Category Archives: Uncategorized

Message sequence number mismatch in libnl.

I ran into a problem with libnl and sequence numbers while working on my wifi scanner application. My app would subscript to the NL80211_CMD_NEW_SCAN_RESULTS and NL80211_CMD_SCHED_SCAN_RESULTS events. On receiving those events, I would send a NL80211_CMD_GET_SCAN.

Sometimes, I would start getting a -NLE_SEQ_MISMATCH on receiving the scan survey data. Once that occurred, I would receive no more scan data.

The libnl sequence numbers are described briefly here: https://www.infradead.org/~tgr/libnl/doc/core.html#core_seq_num They’re a simple way to associate a request with a response. They’re not bulletproof and do not claim to be.
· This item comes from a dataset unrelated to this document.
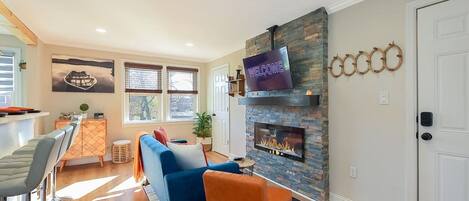 Una sala de estar con chimenea, un televisor montado arriba y un sofá.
The sequence numbers are tracked per socket in the private ‘struct nl_sock’. Both are initialized to time(0) in __alloc_socket().

struct nl_sock
{
...
     unsigned int s_seq_next;
     unsigned int s_seq_expect;
...
};

The nlmsghdr contains the sequence number. Note the same sequence number can be used multiple times. When there is more data that can fit in a single nl_msg, the data is broken across multiple nl_msg, indicated by flag NLM_F_MULTI (“Multipart message, terminated by NLMSG_DONE”).

struct nlmsghdr {
        __u32           nlmsg_len;      /* Length of message including header */
        __u16           nlmsg_type;     /* Message content */
        __u16           nlmsg_flags;    /* Additional flags */
        __u32           nlmsg_seq;      /* Sequence number */
        __u32           nlmsg_pid;      /* Sending process port ID */
};

The nlmsghdr->nlmsg_seq is assigned in nl_complete_msg() which is called before the nl_msg is sent to the nl_sock. The socket ‘next’ is incremented at this time.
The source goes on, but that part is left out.